Einst richtete sich ein roter Innenminister ein unabhängiges Gremium ein, das ihn in Sachen Menschenrechte beraten und öffentlich Stellung beziehen sollte. Der Menschenrechtsbeirat, nach dem Tod des Schubhäftlings Marcus Omofuma gegründet, sollte unangemeldet in Wachzimmern kontrollieren und dem Minister "Empfehlungen" aussprechen. Er ist mit unabhängigen und kritischen Fachleuten besetzt, die per Gesetz "weisungsfrei" gestellt werden. Nun wird das Gremium demoliert. Denn der Innenminister, mittlerweile schwarz, verträgt keine öffentliche Kritik mehr.

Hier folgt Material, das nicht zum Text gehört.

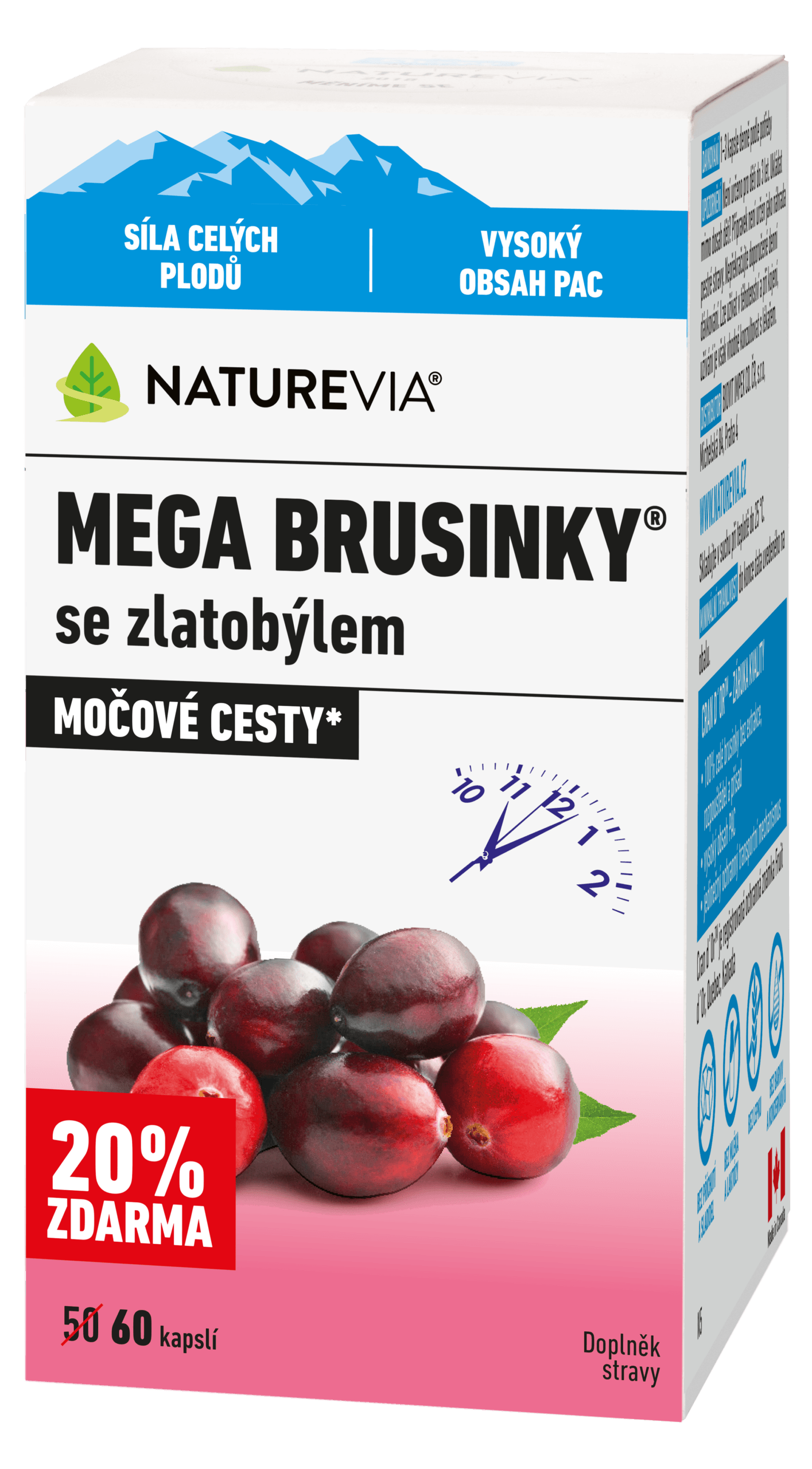 MEGA BRUSNICE + Zlatobyľ (50+10 cps)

Schon gar nicht, wenn es um seine Asylpolitk geht. Vor kurzem wurde deshalb eine Beamtin des Verfassungsdienstes solange unter Druck gesetzt, bis sie das Handtuch warf. Zufällig ist es jene Beamtin, die federführend die Arbeitsgruppe im Beirat leitete, die Strassers Asylerlässe als "menschenrechtswidrig" kritisierte. Die Beamtin wurde nun durch einen ÖVP-Angestellten ersetzt, den der Bundeskanzler persönlich in den Beirat lobte. Hohe Mitglieder des Kontrollgremiums klagen über Drohungen und Interventionen. Hinter den Kulissen erwägt man bereits, den Minister wegen Amtsmissbrauches anzuzeigen. Ernst Strasser zerstört die letzte kritische Zelle seines Hauses und will sie anscheinend zum Feigenblatt degradieren. Spätestens beim nächsten Fall Omofuma wird sich das bitter rächen. F. K.